A project log for Minamil 2dc: a minimal CNC mill

Each axis: ̶$̶5̶ ̶$̶8̶ $10 motor+lead screw, 3x LM6UU, 3x 6mm x 100mm rod, 1/8in hardboard, PC case screws

paul-mcclayPaul McClay 09/11/2021 at 02:250 Comments

tl;dr: Minimal appears able to produce finer PCB features than common low-end generics.

(this log entry is imported from the more transient HaD Prize submission where I posted it 20 Aug 2021)


To what existing baseline can we compare Minamil's PCB milling capability?


The "cheapest" CNC

As of August 2021, it looks like the dominant “cheapest” CNC machines for PCB routing[note 1] and other (very) light hobby use are variations of “3018” - a generic design with 30cm x 18cm work area, and typically 4-5cm Z travel. Other “xxyy” designations indicate similar machines with larger or smaller work area. Various sellers offer machines of very similar design built to various levels of cost & robustness. Current examples listed by Amazon include: basic <$150, “pro” ~$200, and “max” ~$300.

3018: lightest, lighter, light
images from linked Amazon seller listings

Smaller machines of similar kind include essentially all the same parts and do not cost very much less.  Construction from shorter lengths of similar linear rods & extrusions may give smaller units greater stiffness.

I have not yet found where this design comes from, or when. My current best guess is that “CNC 3018” was already generic before English speakers wrote much about them on Teh Internetz. Please comment if you know.

Not having one myself, I don’t really know what they can do. After a bit of searching I’ve found several mentions of milling/routing PCBs on these machines, but little indication of use for very fine pitch components or high density of small features.


So it looks like the baseline for PCB milling on "cheapest" desktop CNC machines is mainly around through-hole or 0.1" pitch density, with best case examples of clean SO/0.05" pitch or marginal 0.5mm pitch footprints.


"Minamil"

For the comparison, here is an image crop from a July log entry about milling an SSOP footprint: 

While the SSOP footprint has pads on 0.65mm centers instead of 0.5mm, the horizontal traces crossing each end of the DIP footprint lie on 0.5mm centers. Using a beater old Dremel for a spindle, Minamil[note 2] cut isolation paths slightly narrower than half of that interval, or <0.25mm wide, leaving traces at least wider than 0.25mm if not fully 0.3mm wide for nominal 0.5mm pitch footprint. Cutting the same part using a PROXXON IBS/E for a spindle left traces over 0.3mm wide on 0.5mm centers separated by isolation paths under 0.2mm wide. So far I haven't found an example of a "cheap" 3018-type CNC router matching that.


Advantage: Minamil. For less cash in a smaller footprint.

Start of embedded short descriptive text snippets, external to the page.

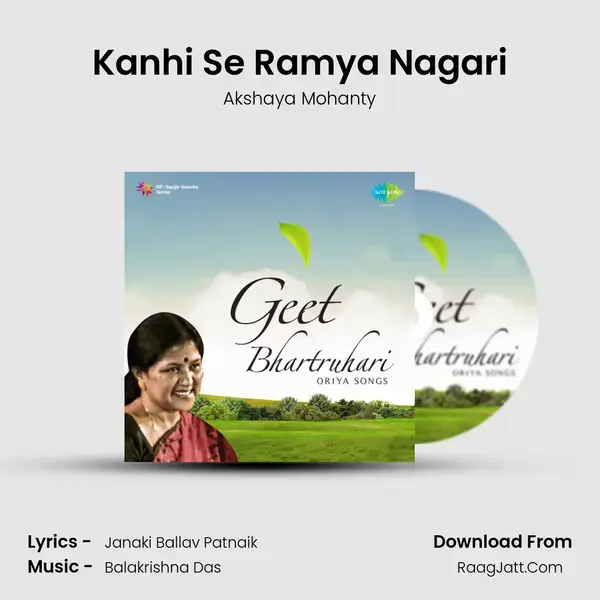 Kanhi Se Ramya Nagari Song mp3 | Akshaya Mohanty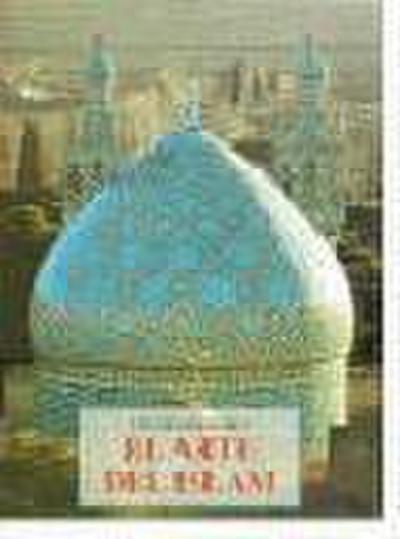 El arte del Islam : : lenguaje y significado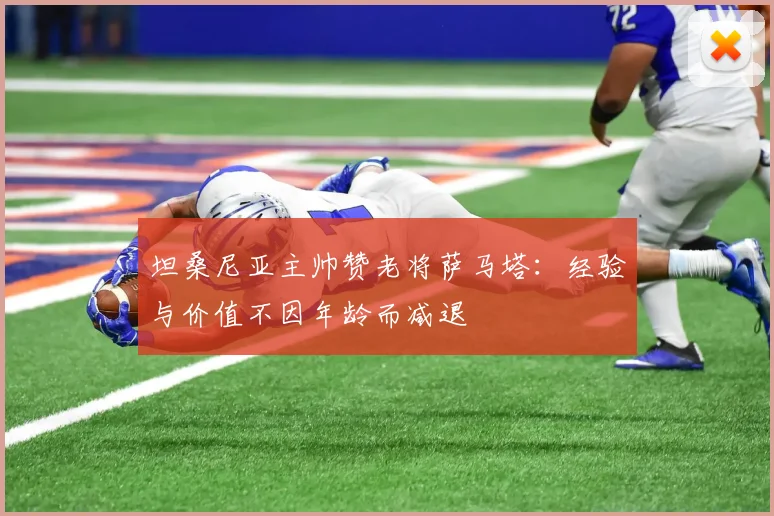 坦桑尼亚主帅赞老将萨马塔：经验与价值不因年龄而减退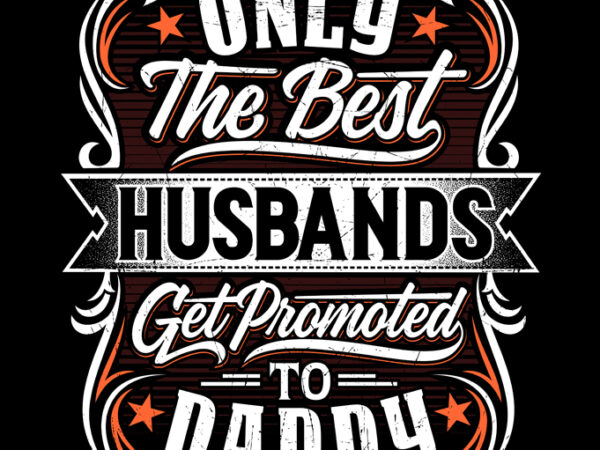 Only the best husband get promotes to daddy t shirt design for purchase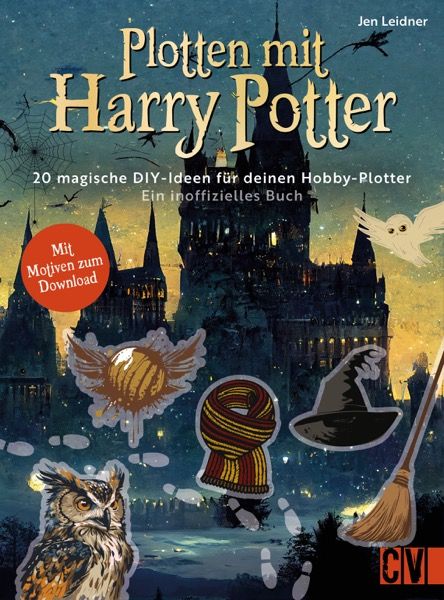 Rezension: Plotten mit Harry Potter: 20 magische DIY-Ideen für deinen Hobby-Plotter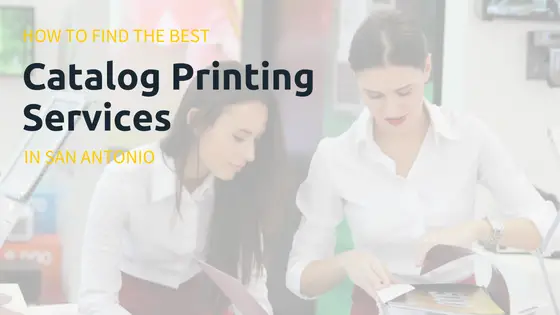Catalog Printing Services in San Antonio
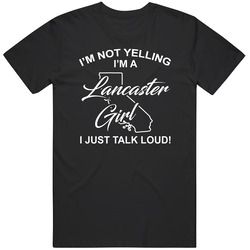 I'm Not Yelling I'm A Lancaster Girl I Just Talk Loud Funny I'm Not Yelling I'm A Lancaster Girl I Just Talk Loud Funny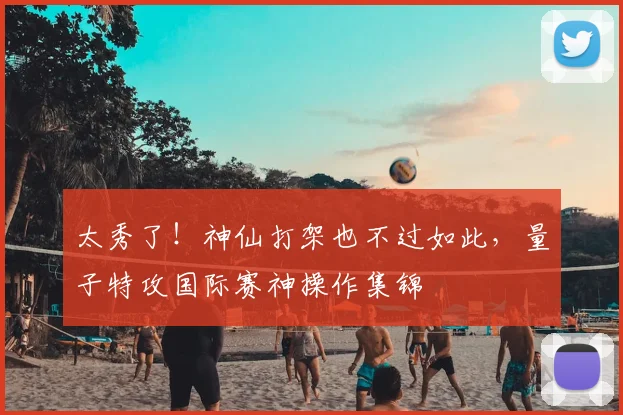 太秀了！神仙打架也不过如此，量子特攻国际赛神操作集锦
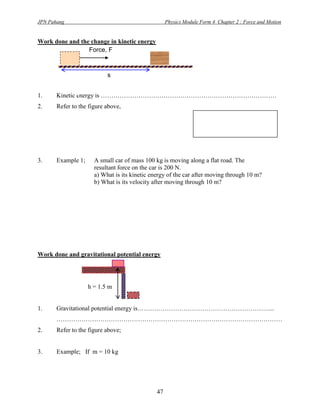 JPN Pahang                                          Physics Module Form 4 Chapter 2 : Force and Motion


Work done and the change in kinetic energy
                 Force, F



                           s


1.     Kinetic energy is …………………………………………………………………………
2.     Refer to the figure above,
                                                                 Through, v2 = u2 +2as
                                                                               u=0
                                                                           and, as = ½ v2



3.     Example 1;     A small car of mass 100 kg is moving along a flat road. The
                      resultant force on the car is 200 N.
                      a) What is its kinetic energy of the car after moving through 10 m?
                      b) What is its velocity after moving through 10 m?




Work done and gravitational potential energy




                    h = 1.5 m


1.     Gravitational potential energy is………………………………………………………...
       ………………………………………………………………………………………………
2.     Refer to the figure above;


3.     Example; If m = 10 kg




                                               47
 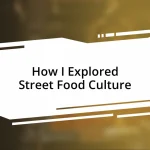 How I Explored Street Food Culture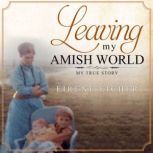 Leaving My Amish World, Eirene Eicher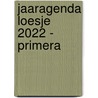 Jaaragenda Loesje 2022 - Primera by Unknown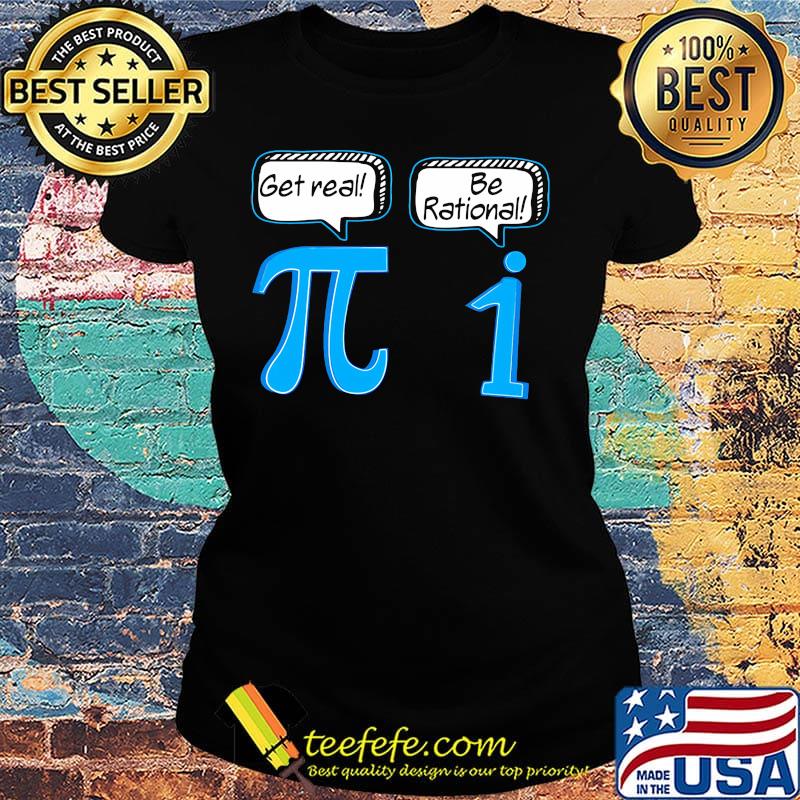 Get real be rational classic s Ladies tee Get real be rational classic s Ladies tee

In the baseline case, it's pretty clear that the 775 motor spindles contribute to spreading out minimal isolation path width by runout and vibration.  Also relatively low speed for standard motors -- 8k to 12krpm -- limits cutting edge speed for tiny tool diameters, and limits feed rate.

Minamil uses a general-purpose rotary tool, which will almost certainly spin up faster than the 8k-12k rpm range for typical "3018" spindles, and may achieve lower runout than most 775-derived spindles.

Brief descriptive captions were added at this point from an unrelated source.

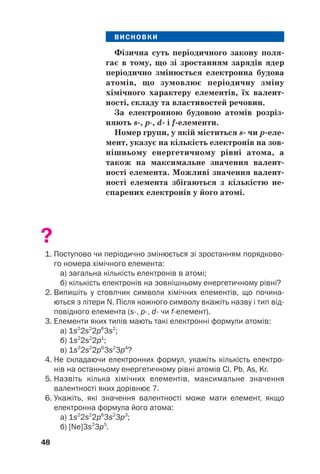 ВИСНОВКИ
Фізична суть періодичного закону поля(
гає в тому, що зі зростанням зарядів ядер
періодично змінюється електронна будова
атомів, що зумовлює періодичну зміну
хімічного характеру елементів, їх валент(
ності, складу та властивостей речовин.
За електронною будовою атомів розріз(
няють s(, p, d( і f(елементи.
Номер групи, у якій міститься s( чи p(еле(
мент, указує на кількість електронів на зов(
нішньому енергетичному рівні атома, а
також на максимальне значення валент(
ності елемента. Можливі значення валент(
ності елемента збігаються з кількістю не(
спарених електронів у його атомі.
?
1. Поступово чи періодично змінюється зі зростанням порядково
го номера хімічного елемента:
а) загальна кількість електронів в атомі;
б) кількість електронів на зовнішньому енергетичному рівні?
2. Випишіть у стовпчик символи хімічних елементів, що почина
ються з літери N. Після кожного символу вкажіть назву і тип від
повідного елемента (s, p, d чи fелемент).
3. Елементи яких типів мають такі електронні формули атомів:
а) 1s2
2s2
2p6
3s2
;
б) 1s2
2s2
2p1
;
в) 1s2
2s2
2p6
3s2
3p4
?
4. Не складаючи електронних формул, укажіть кількість електро
нів на останньому енергетичному рівні атомів Cl, Pb, As, Kr.
5. Назвіть кілька хімічних елементів, максимальне значення
валентності яких дорівнює 7.
6. Укажіть, які значення валентності може мати елемент, якщо
електронна формула його атома:
а) 1s2
2s2
2p6
3s2
3p3
;
б) [Ne]3s2
3p5
.
48
 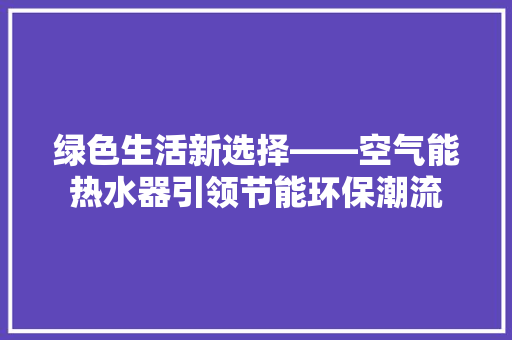 绿色生活新选择——空气能热水器引领节能环保潮流 灯具安装 绿色生活新选择——空气能热水器引领节能环保潮流 灯具安装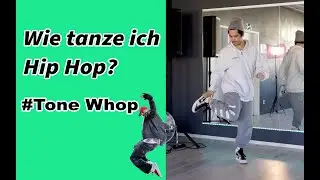 Tanz Tutorial: Wie tanze ich Hip Hop? | Tone Whop | Tanzen einfach lernen für Anfänger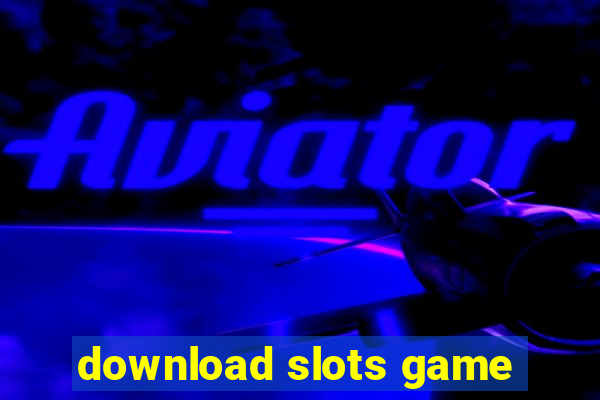 download slots game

Because the vertical axis must necessarily have a counterbalance, Minamil can easily accommodate the greater mass of a general-purpose rotary tool.

A general-purpose rotary tool has a cost advantage in that it can earn its keep doing other stuff when not making PCBs. 



Notes

  1. So is it "mill" or "router"?

    I wrote a little about that earlier. I doubt there is a concrete specific answer. My over-simplified rubric goes like this:

    • Router - Relatively compact/light Z axis moving laterally (say, X) on a gantry (that may also move in Y) around a relatively large work area. Typically broader than tall. Penalizes Z mass because axis & spindle accelerate and move in X or XY plane.
    • Mill - Relatively massive fixed Z axis with spindle moving only in Z, maybe ponderously, while relatively small work area moves in XY underneath fixed Z. Typically taller than wide. Z axis and spindle may be much more massive & slow relative to XY table.

    Always exceptions; if your gantry has an operator’s cab, please call it anything you want.

    Also from the earlier log entry: “... And the pretentiousness of calling it a "mill" hides in plain sight the pretentiousness of calling a toy-scale device a tool at all. Kind of like an Easy-Bake® "oven".” But seeing that it works, I don't mind calling it a tool. 

  2. "Minamil" essentially as published but with a modified Z axis that I haven't published yet. I think that won't make a huge difference.